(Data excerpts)
>>>>
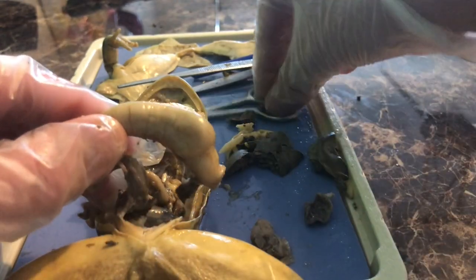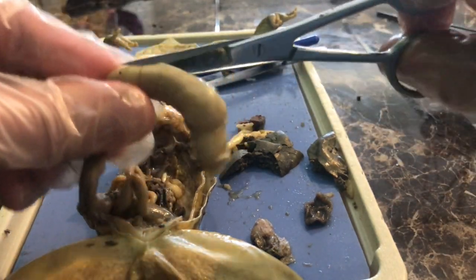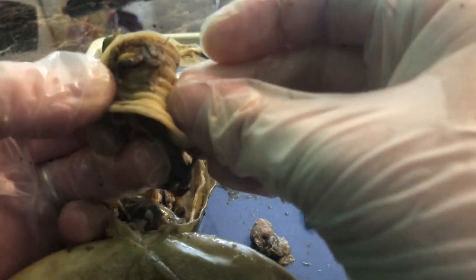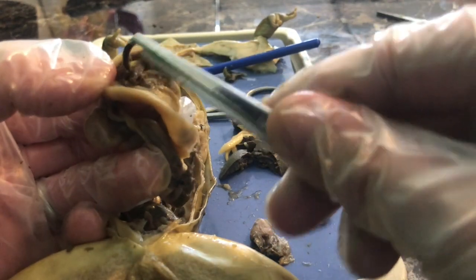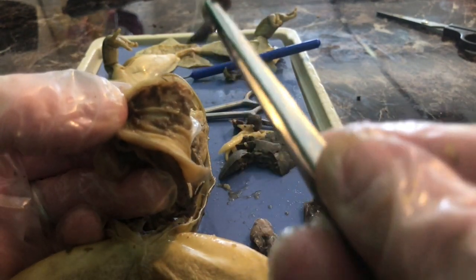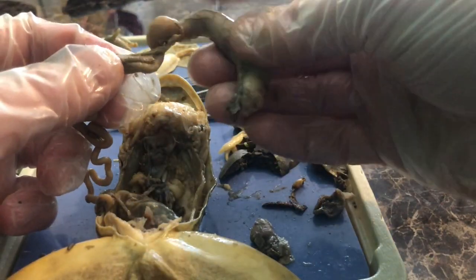Now let's look at the stomach specifically — it specifically curves and digests proteins. I'm going to cut open the stomach to see the internal structure. You can see these lines — these folds inside the stomach — called rugae. And you can actually see what the frog was eating. It looks like an insect — specifically, it looks like an earwig, and you can see the little pincher structures at the end.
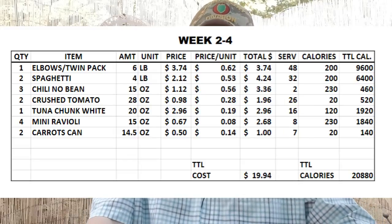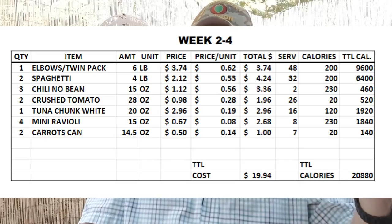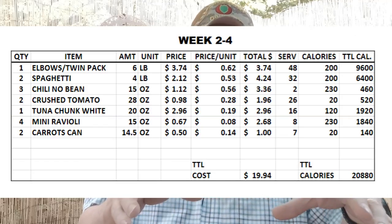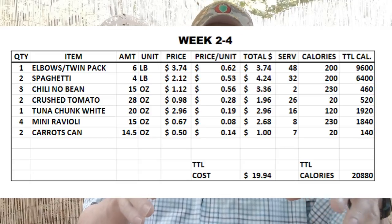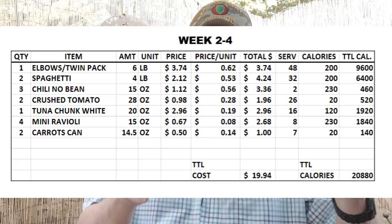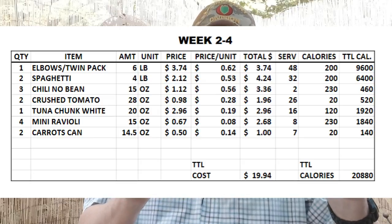Weeks two through four will be different from that first week because we're trying to build up some different stuff. You're not locked down to this — there may be some things you want to change. You've got elbows again, the twin pack, six pounds for $3.74. You've got the spaghetti noodles — dry noodles, two packs, eight pounds total, $2.12. You've got the chili, no beans again. Again, you can substitute — maybe you want beef stew, but make sure it's got some protein value to it.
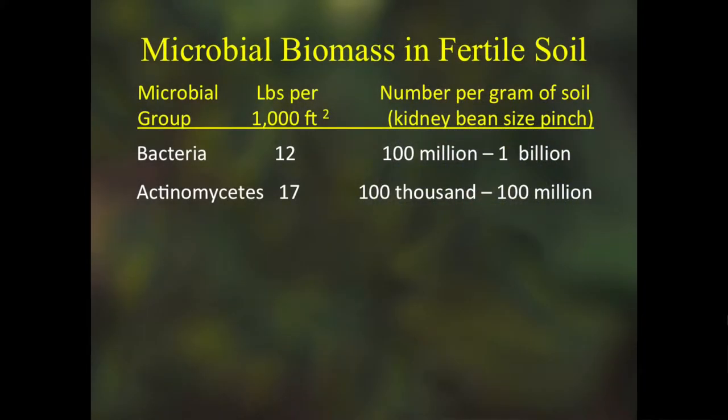Actinomycetes are a lot like bacteria but filamentous — imagine a little dandelion seed floating through the air with all those fibers, smashed down: that's kind of an actinomycete under the microscope. They give soil that rich, earthy smell. Have you ever turned over fresh garden soil and smelled that wonderful earthy smell? That's actinomycete flatulence — that's what you're smelling. They break down some of the harder-to-decompose material like cellulose and corn stalks.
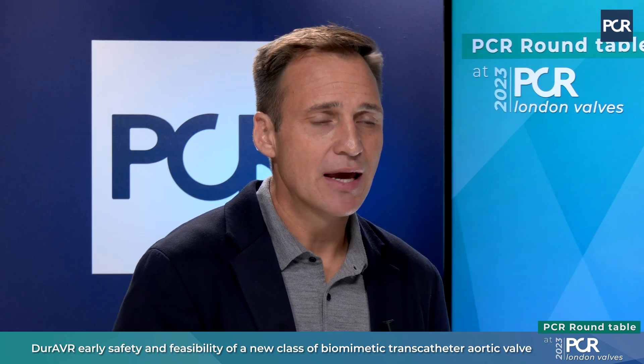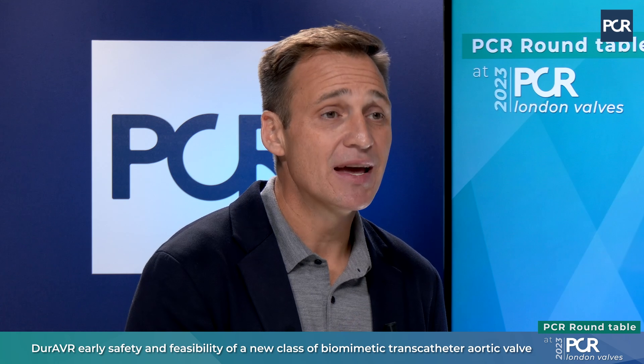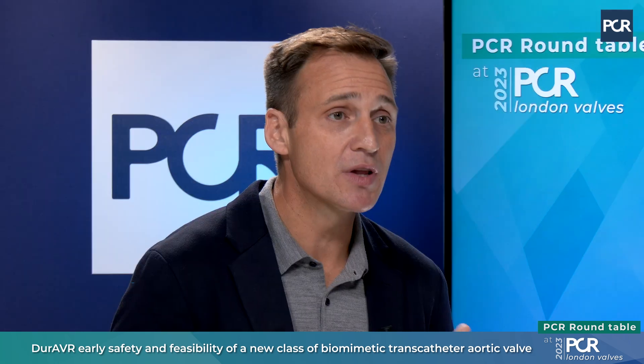One of the really nice things about this valve is it is incredibly easy to put in. It is pre-mounted on a balloon expandable platform — into the body, across the valve — and has a unique feature of commissural alignment where we can uncouple the delivery system and easily rotate the valve. We've seen really unique results in our first-in-human experience with superior hemodynamic performance and superior laminar flow, which we believe is because of this unique biomimetic shape. We really think this is the first in a wave of technology that can transform how we treat TAVR patients.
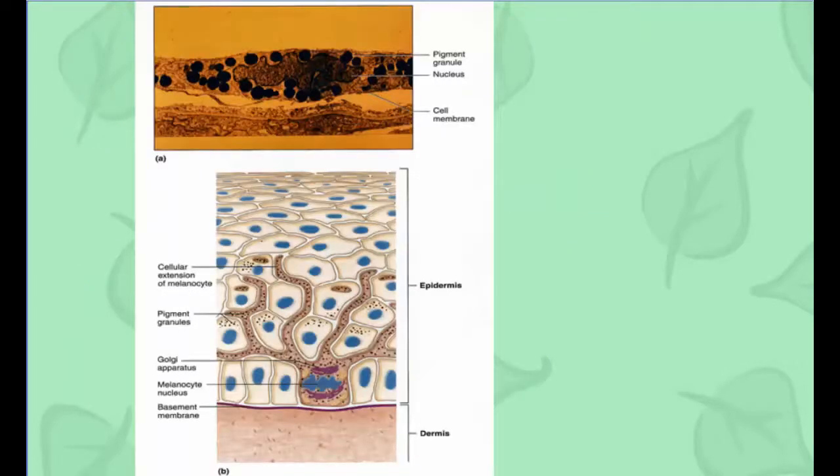Looking at the image, you can see a melanocyte right next to the basement membrane with branches coming out of it, spreading throughout the epidermal layer. The cell extends very far and drops little melanin drops into other cells to give them color. The more melanin you have, the darker you are. When you get a tan, you produce more of this material.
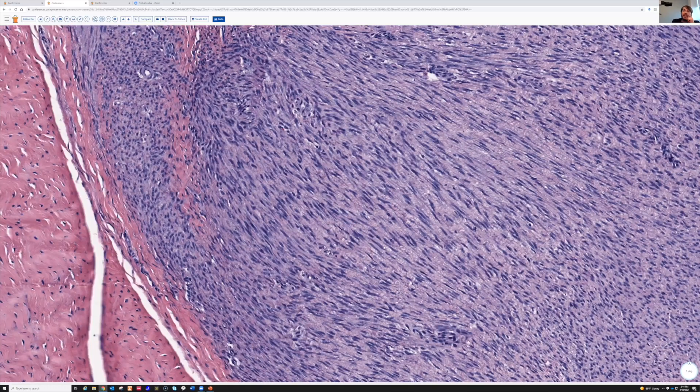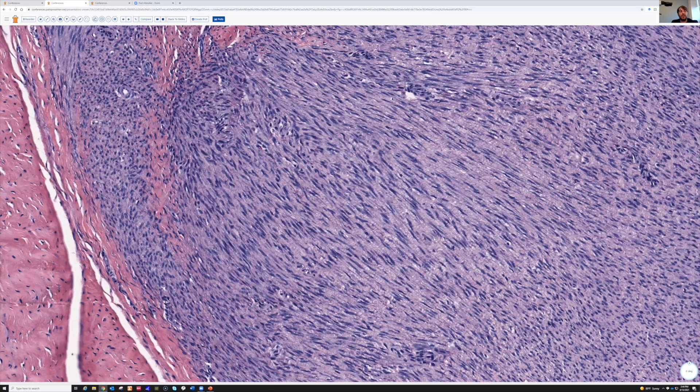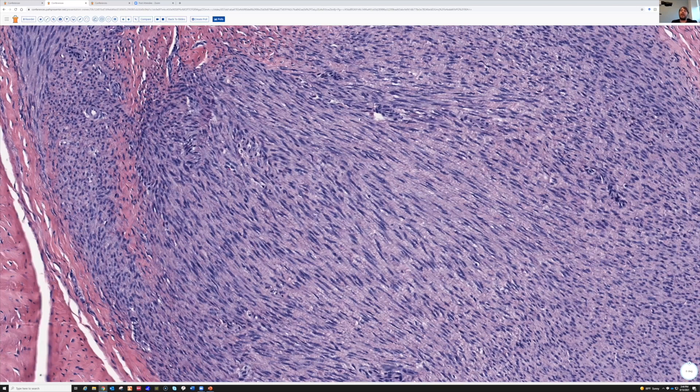The spindle cells — a few of them touch each other, but most of them are not touching each other. They're divided by pink bundles of fine, delicate collagen in between. Those features together are characteristic of fibromatosis. In the deep soft tissue, when you see this pattern, you think of desmoid fibromatosis.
<<<<
▸ **Work to complete**
The data must come back word for word, with every picture removed.

▸ **Solved exercise**
Now let's look at the stomach specifically — it specifically curves and digests proteins. I'm going to cut open the stomach to see the internal structure. You can see these lines — these folds inside the stomach — called rugae. And you can actually see what the frog was eating. It looks like an insect — specifically, it looks like an earwig, and you can see the little pincher structures at the end.
Weeks two through four will be different from that first week because we're trying to build up some different stuff. You're not locked down to this — there may be some things you want to change. You've got elbows again, the twin pack, six pounds for $3.74. You've got the spaghetti noodles — dry noodles, two packs, eight pounds total, $2.12. You've got the chili, no beans again. Again, you can substitute — maybe you want beef stew, but make sure it's got some protein value to it.
Actinomycetes are a lot like bacteria but filamentous — imagine a little dandelion seed floating through the air with all those fibers, smashed down: that's kind of an actinomycete under the microscope. They give soil that rich, earthy smell. Have you ever turned over fresh garden soil and smelled that wonderful earthy smell? That's actinomycete flatulence — that's what you're smelling. They break down some of the harder-to-decompose material like cellulose and corn stalks.
One of the really nice things about this valve is it is incredibly easy to put in. It is pre-mounted on a balloon expandable platform — into the body, across the valve — and has a unique feature of commissural alignment where we can uncouple the delivery system and easily rotate the valve. We've seen really unique results in our first-in-human experience with superior hemodynamic performance and superior laminar flow, which we believe is because of this unique biomimetic shape. We really think this is the first in a wave of technology that can transform how we treat TAVR patients.
Looking at the image, you can see a melanocyte right next to the basement membrane with branches coming out of it, spreading throughout the epidermal layer. The cell extends very far and drops little melanin drops into other cells to give them color. The more melanin you have, the darker you are. When you get a tan, you produce more of this material.
The spindle cells — a few of them touch each other, but most of them are not touching each other. They're divided by pink bundles of fine, delicate collagen in between. Those features together are characteristic of fibromatosis. In the deep soft tissue, when you see this pattern, you think of desmoid fibromatosis.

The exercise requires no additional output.